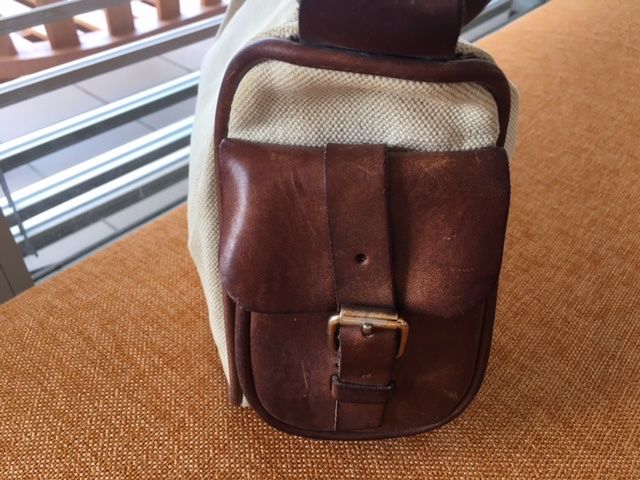 Miu Miu Borse da donna: Miu Miu bag – Usato da Castagnola venduto da bet_xd6h 5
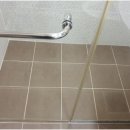 라라홈케어 이미지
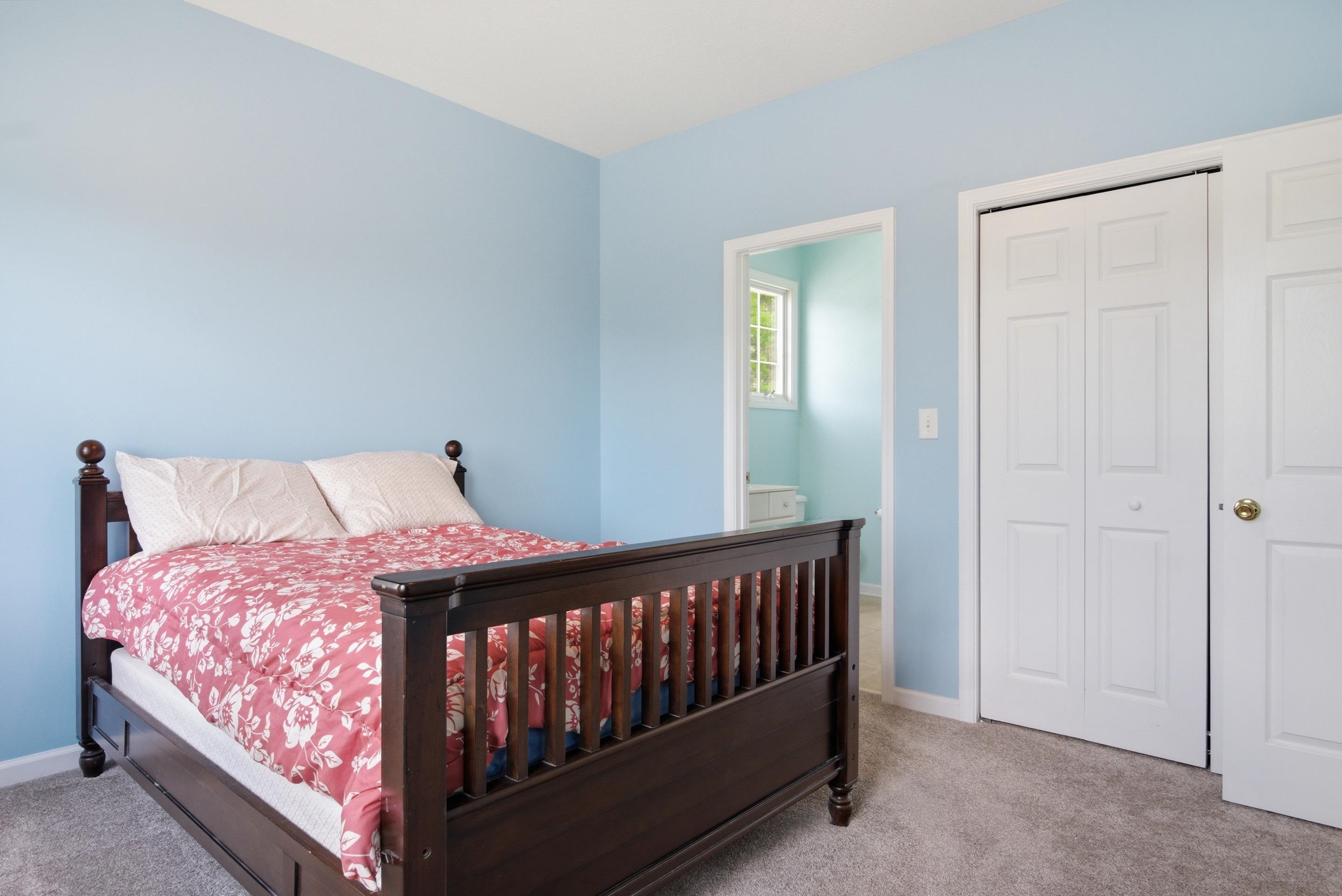 1302 Village Way S Blacksburg VA 24060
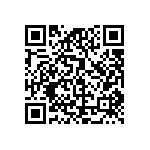 M29W640FT70N6F-TR QRCode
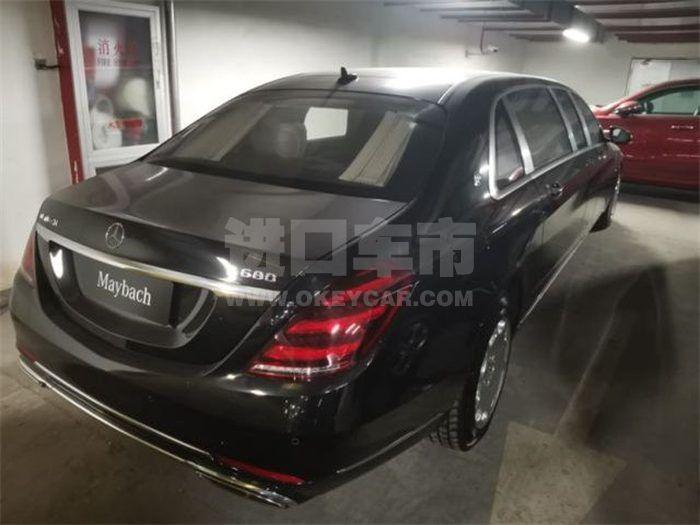 9a6967e71cfe77c0eb46a7af7fef0af3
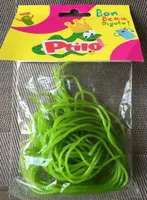 Ptilo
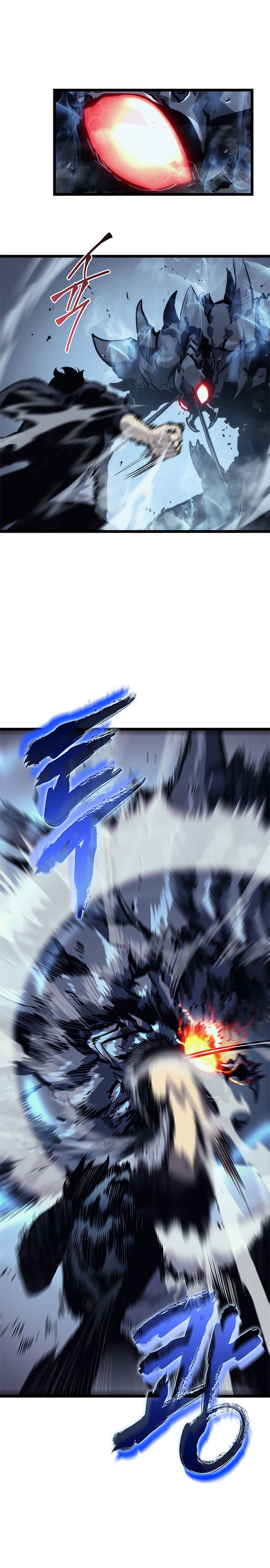 Chapter 102 Image(30)
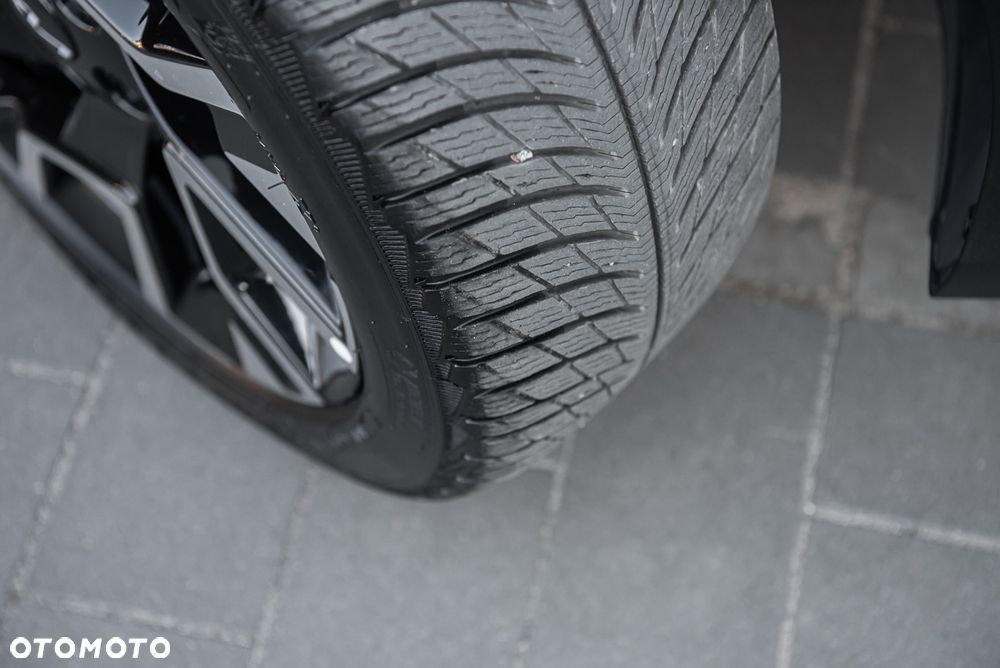 Kia XCeed 1.6 CRDi DCT7 SPIRIT - 31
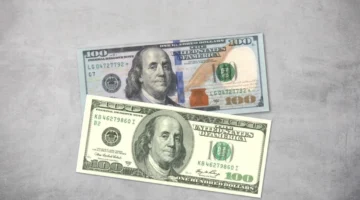 تحركات سعر الدولار.. توقعات جديدة لأداء العملة مقابل الجنيه في البنوك المصرية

=======

- [EXERCISE BRIEF]: Within the entries above, the lines from the one with "M29W640FT70N6F-TR QRCode" through the final line are to be printed exactly, with the pictures removed.

- [EXERCISE RESULT]:
 M29W640FT70N6F-TR QRCode
 9a6967e71cfe77c0eb46a7af7fef0af3
 Ptilo
 Chapter 102 Image(30)
 Kia XCeed 1.6 CRDi DCT7 SPIRIT - 31
 تحركات سعر الدولار.. توقعات جديدة لأداء العملة مقابل الجنيه في البنوك المصرية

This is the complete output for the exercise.